Thursday, 2 February 2012

When Eurovision goes wrong

Today my flat has been overrun with people sawing into the floor and drilling and other racket. And I was reminded of those awful eurovision entries that seem like something went wrong and you can't bear to listen to, they just hurt so much.

So here are ten eurovision entries that came out really badly in the end, humiliating themselves and their nation's taste in music forever. I've excluded the 'funny' and deliberately awful entries here, like Ping Pong's Sameach, 90% of Norway's output (I mean, they were being deliberately bad throughout the 70s, werent they? Weren't they?), and most of the 80s,  cos the 80s weren't kind to anyone.

Don't play the videos, just take my word, they're bad.

10: Switzerland, 1967
Most of the really awful entries are quite recent. Probably because most of the worst stuff is forgotten over time. Also, music has changed a lot since the 60s and more singers now are not great live performers, but video stars. So the awful entries from the 1960s are not really bad, just... not well done.

9: Luxembourg, 1984
You know that thing people do in songs when they emote with their arms?
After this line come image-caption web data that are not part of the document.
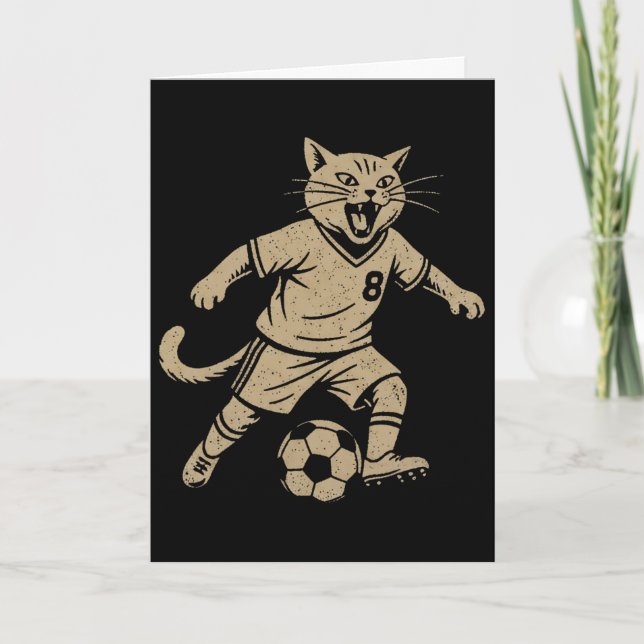 Tarjeta Gato jugando fútbol  (Anverso)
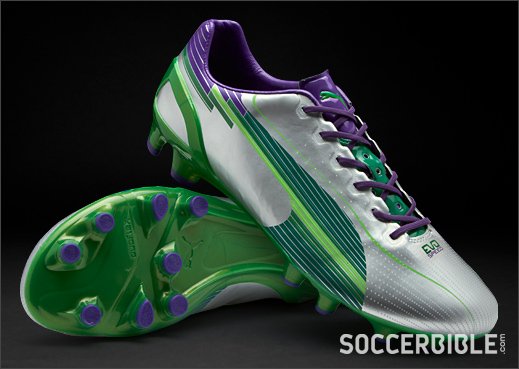 Soccer Cleats | PUMA evoSPEED 1 - Silver/Green - featured image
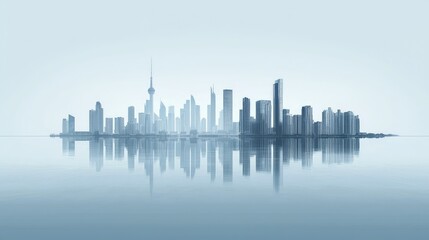Fototapeta premium Serene City Skyline with Reflection on Calm Water Surface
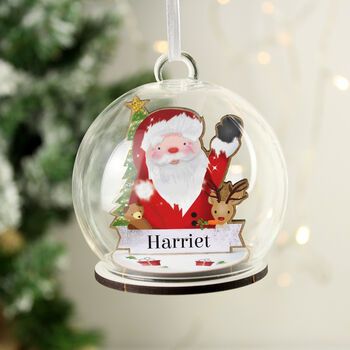 Personalised Wooden Santa Glass Bauble, 2 of 4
I hate it. I really hate it! Like 10, this probably isn't truly horrendous, just under-rehearsed.



8: United Kingdom, 2007.
This is probably in tune, actually.It's too awful in general to tell.

This song should have, and would have, been last in the contest that year had it not been for....

7: Ireland, 2007
Sigh. Oh Dervish. What have you done. If you hadn't been atrociously awful, then RTE wouldn't have come to the conclusion that all traditional stuff is awful and they must do something modern. It's their fault we must now suffer Jedward. Twice (most probably, sigh.) Take the tin whistle and the bodhran and shove them up your arse! Oh, and, generally, it's a bad idea to include lyrics in your Eurovision that list eurovision countries or capitals.


6: Croatia, 2006
This might be a joke entry. I dunno. I can believe that someone would sing a song about how much they love their stiletto heels. Just, probably not this one. This song hurts more than a stiletto in the eye.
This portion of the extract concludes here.